Data Integrity and Secure Storage
Clinical trials generate and manage large quantities of sensitive data in the form of patient identifiers, health records, and test results. Ensuring the safety and integrity of this data is not only important to ensure patient privacy and security but also crucial to the success or failure of the trial itself.
Blockchain’s decentralized nature and cryptographic encryption allow for safe storage of data even when present in an ecosystem accessible by multiple parties.
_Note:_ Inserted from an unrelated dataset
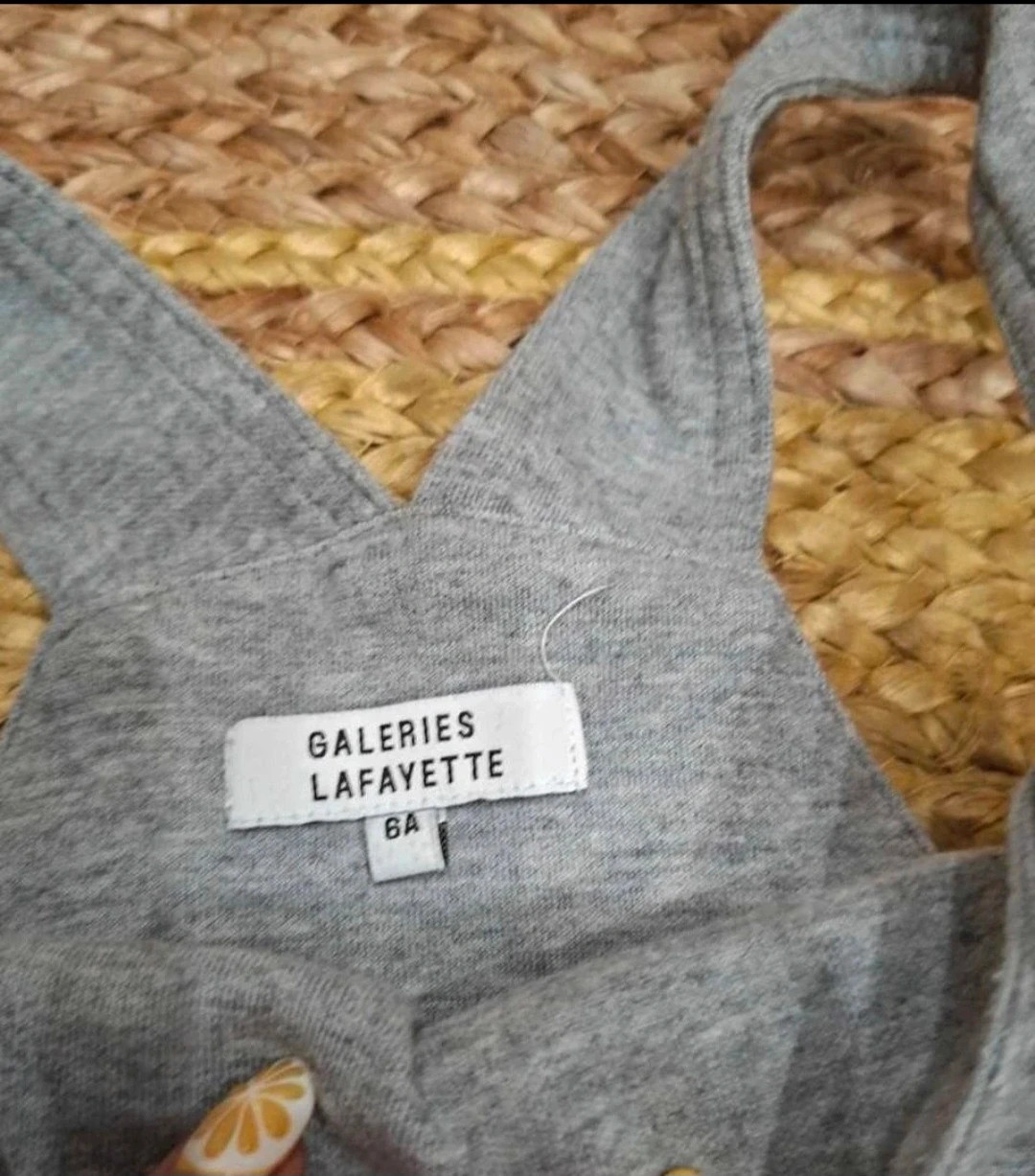Salopette short fille – Galeries Lafayette – 6 ans – Galeries Lafayette – taille 6 ans / 116 cm 3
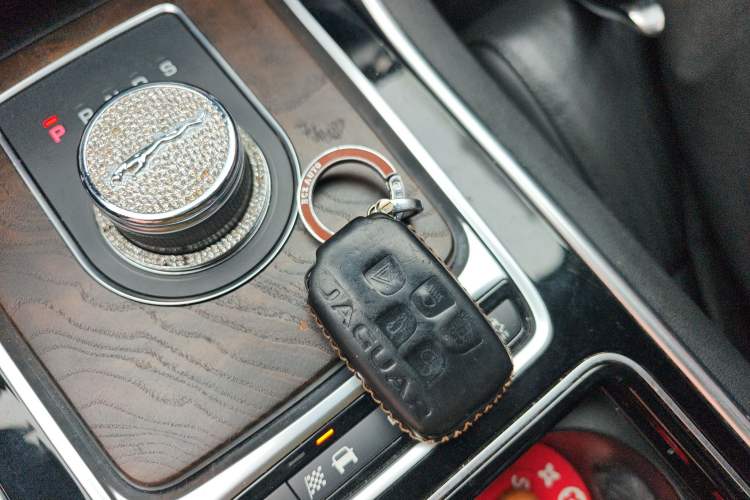 Used Jaguar XFL 2018 XFL 2.0T 250 PS Luxury Edition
Further, since all data transactions on a blockchain network are timestamped and verified by nodes across the network, it ensures that the trial data remains immutable and reduces the risk of data tampering.
Trusted Data Sharing and Enhanced Collaboration
Another data related challenge faced by trial teams is around the sharing of data between different entities. Clinical trials have multiple stakeholders and trust issues between them can lead to problems when data needs to be shared from one party to another.
As described with informed consent above, blockchain can make it so that data sharing can be regulated via the ledger improving transparency and as a result trust between stakeholders. In fact, blockchain can help take it a step further, and similar to the patient registry discussed above, anonymized trial data can be used to help inform other clinical trials of similar natures. This collaborative approach reflects the true strength of a decentralized and ledger-based network and can help with accelerated drug development timelines across the industry.
Improved Consent Management
One of the most complex aspects of a clinical trial is managing informed consent. Once a participant is identified to be eligible, collecting, storing, and managing their consent to the trial is yet another crucial task. The transparency and traceability provided by the blockchain ledger can easily be used to have patients capture a digitized Informed Consent where they can themselves control and log every step of consent, withdrawal, or re-consent.
Enhancing Regulatory Compliance
Maintaining regulatory compliance is one of the most crucial tasks in the administration and oversight of a clinical trial. Trials are subject to high scrutiny by regulatory bodies and are required to strictly abide by the guidelines put in place for them. Not only can smart contracts in a blockchain help to reduce the risk of non-compliance by ensuring the requirements are met in real time, but blockchain based networks can also help provide detailed audit logs with relative ease thus speeding up review processes.
So, does blockchain hold the key to transform and revolutionize the clinical trial process?
There is no denying the potential of blockchain in implementing a more trusted, transparent, and cost-effective clinical trial ecosystem. From streamlined operations to augmented patient experience, clinical trials running on a blockchain network definitely have the capability of being a welcome change for all those involved.
However, while the technology itself does show promise, the biggest hurdle to making this a reality lies in the mindset towards blockchain. For a decentralized network to succeed, multiple stakeholders need to all believe in blockchain as it can only truly flourish when multiple entities collaborate together. And that in turn can only happen once we break the stigma around blockchain and reintroduce the world to the benefits of this technology.